Hace un par de fines de semana nos lo volvió a demostrar y, de paso, encandiló a todo el mundo en un pueblo de Córdoba al que fuimos como invitados de una boda. El viernes noche, el día antes de la boda, celebramos una previa en un bar del pueblo. Y allí, mientras tapeábamos y cerveceábamos, apareció una charanga. Tres horas de música después, pasada ya la medianoche, Maramoto seguía pidiendo “má, má, má” a los miembros de la charanga. No tenía fin. Estaba poseída. Durante todo ese tiempo no paró de bailar, saltar y aplaudir en ningún momento. La gente hacía corros para verla. Alucinaban en colores. Se iba con unos y con otros, bailaba con unos y con otros, se reía con todos. Y todo lo hacía a un ritmo frenético. Endemoniado. Y, por supuesto, con una sonrisa en la boca. Para que luego digan que si una niña no va a la guardería no se socializa. Me río yo de esa frase de manual.

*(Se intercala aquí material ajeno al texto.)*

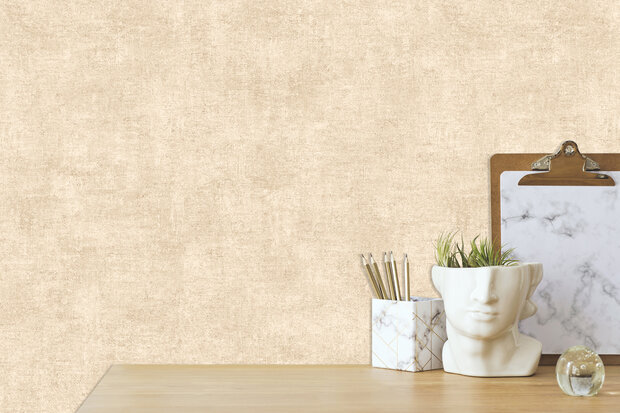 Dutch Wallcoverings Structures A137-17 beige glitter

‘La gogó de la charanga’, como no me quedó más remedio que bautizarla tras semejante exhibición, se había metido a todos en el bolsillo. Había conquistado el pequeño pueblo cordobés moviendo las caderas. Bailando y sonriendo. Esas fueron sus únicas armas. Durante toda su exhibición de baile y resistencia, mientras la mamá jefa y yo la mirábamos completamente prendados (que no sorprendidos, porque estamos acostumbrados a su ritmo), no pararon de acercarse otros invitados, completamente alucinados, diciéndonos que estaban enamorados de nuestra hija, preguntándonos cómo tenía tanto aguante y energía, queriéndola hacer hija adoptiva de un pueblo de León en el que al parecer, con su alma festera, Mara sería más que bienvenida.

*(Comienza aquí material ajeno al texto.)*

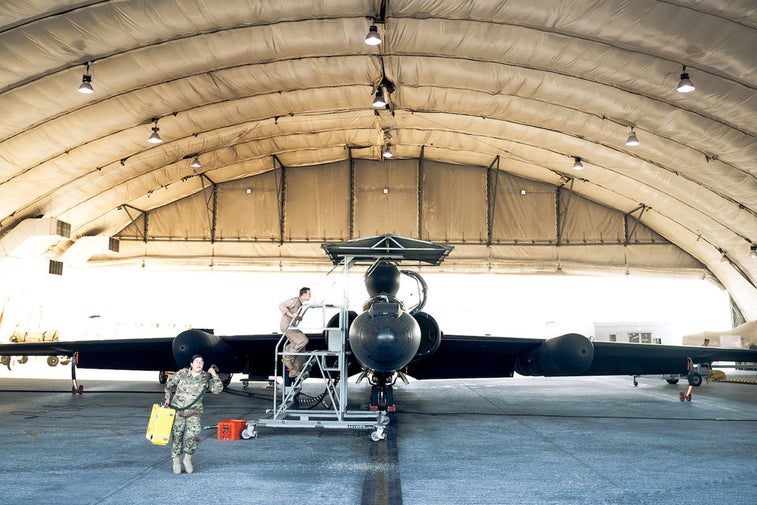 Here’s what it takes to fly the U-2 spy plane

Mara dejó huella. Tanto que al día siguiente, en la boda, siguió siendo el centro de atención. Y eso a pesar de que estuvo mucho menos activa, aspecto que atribuímos a que ella es más de fiesta de pueblo, de charanga, de música en directo y baile en plena calle. Aún no le ha cogido el punto a la música electrónica. Aún así, a la mamá jefa y a un servidor no dejaron de acercarse personas a decirnos que teníamos una hija preciosa, a comentarnos que Maramoto les había impresionado con su ritmo la noche anterior, a recordanos que estaban enamorados de ella. Enamorados como lo estamos nosotros. Pese al agotamiento que conlleva aguantar ese ritmo que ella impone día sí y día también. Pese a lo difícil que resulta a veces gestionar un carácter tan volcánico e indomable como el suyo. Algún invitado que se fijó en algo más que en los bailes de nuestra pequeña saltamontes se aproximó y a voz en grito, entre los decibelios desbocados de la música, nos dijo que admiraba la personalidad que tenía siendo tan pequeña, la fuerza que tenía para transmitir sentimientos. Y la verdad, viniendo de alguien que no forma parte de nuestro entorno y que habíamos conocido apenas unas horas antes, escucharlo me pareció maravilloso. No puedo estar más orgulloso de mi pequeña gogó de la charanga.